DATA SEGMENT
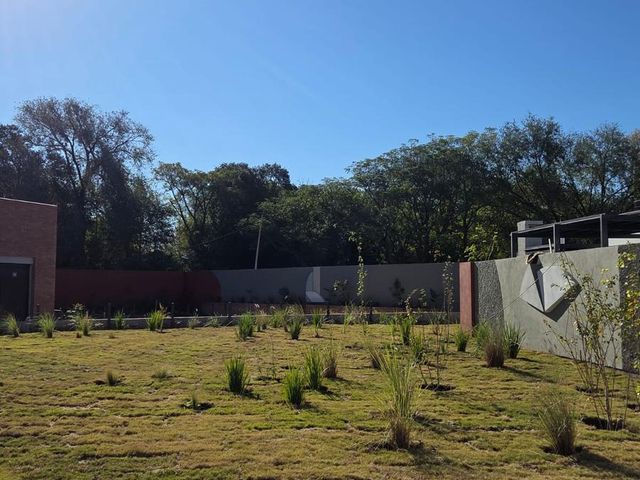 place photo 53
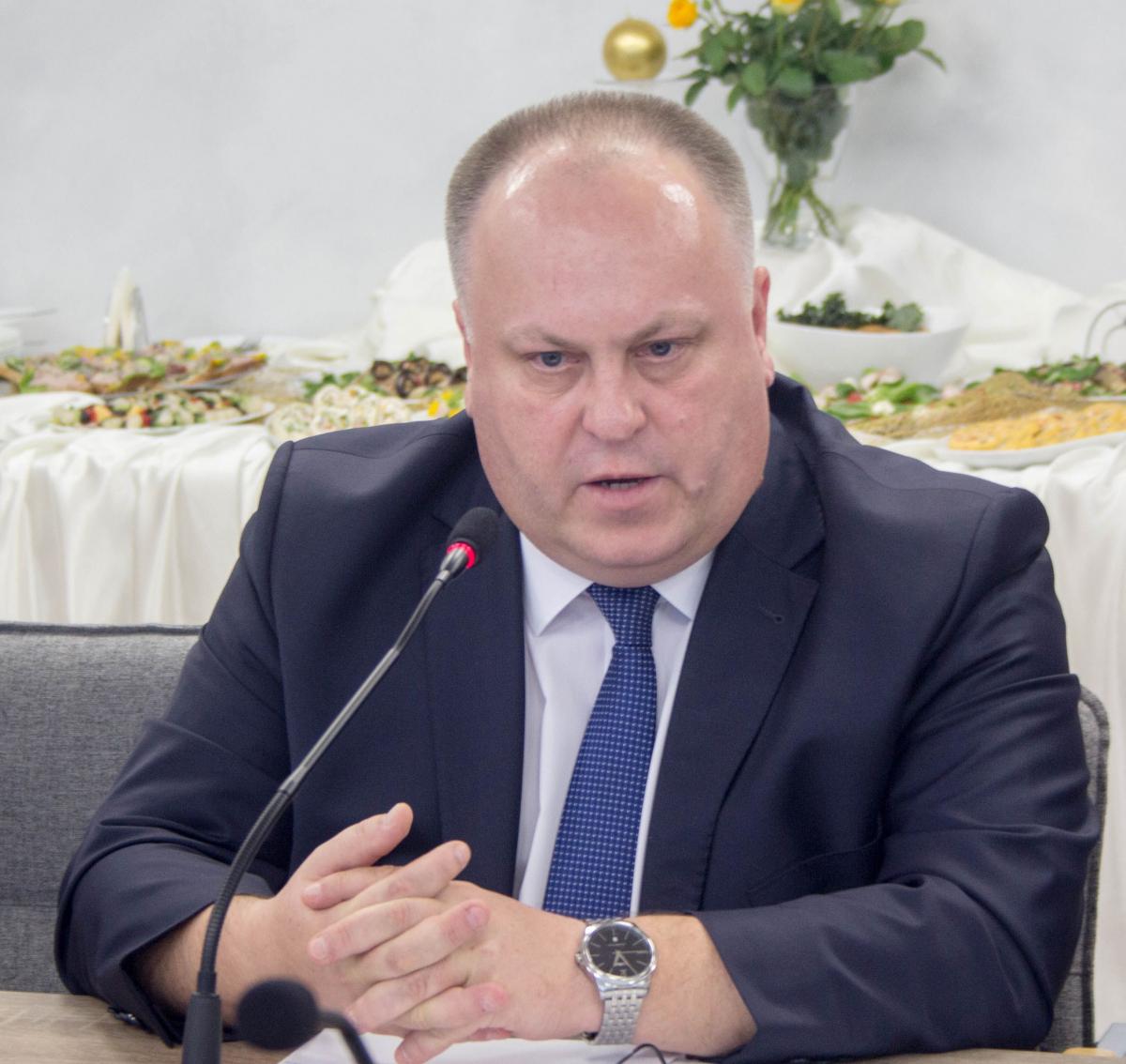 L. Kisiel podziękował wszystkim zaangażowanym w odśnieżanie, ale odciął się też krytykom.<br/>fot.Bartłomiej Pacek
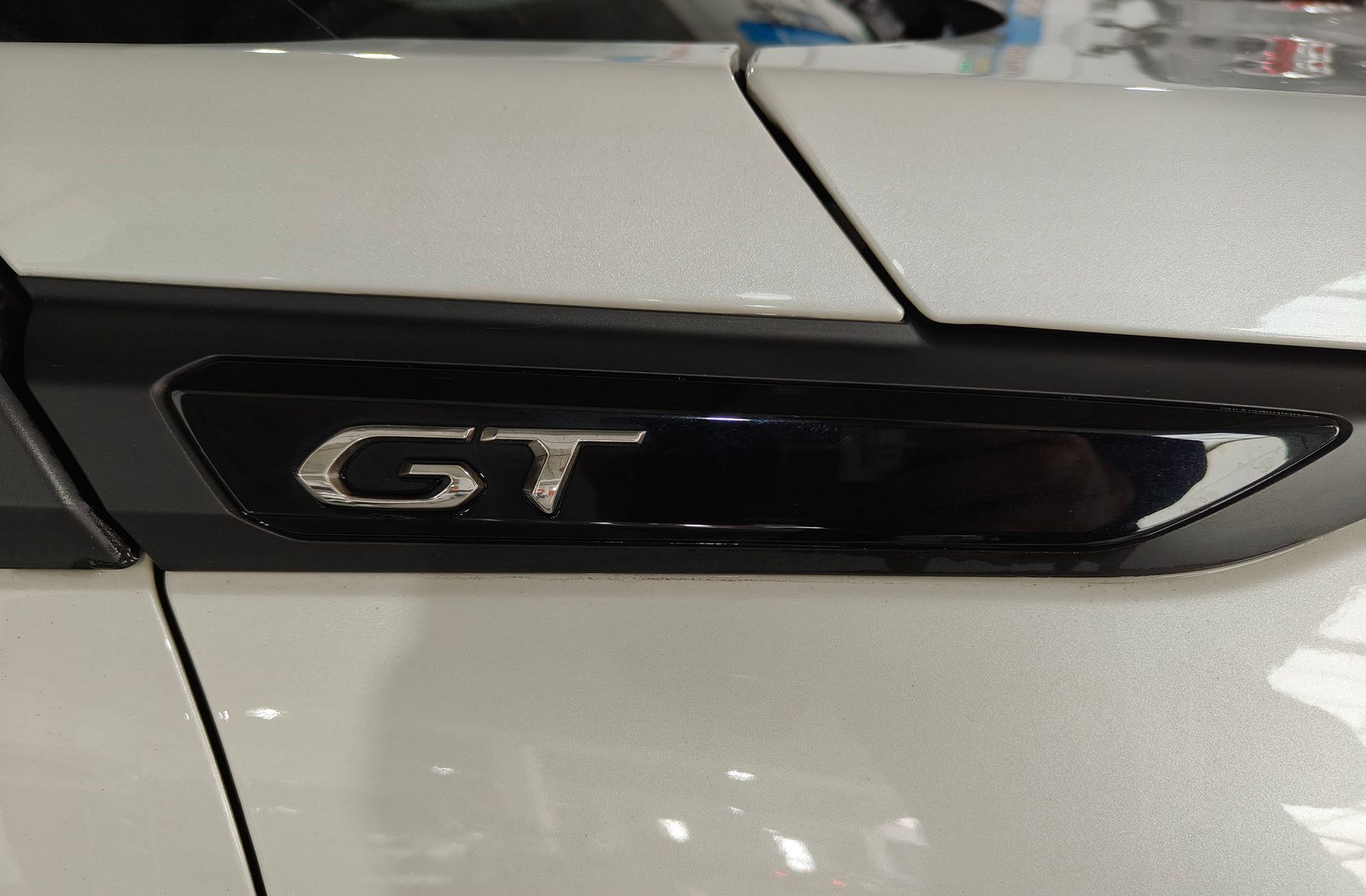 Peugeot 2008 PureTech 155 GT EAT8 - foto 5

TASK DESCRIPTION
Restate the data word for word and exclude every picture.

SOLUTION BELOW
 place photo 53
 L. Kisiel podziękował wszystkim zaangażowanym w odśnieżanie, ale odciął się też krytykom.<br/>fot.Bartłomiej Pacek
 Peugeot 2008 PureTech 155 GT EAT8 - foto 5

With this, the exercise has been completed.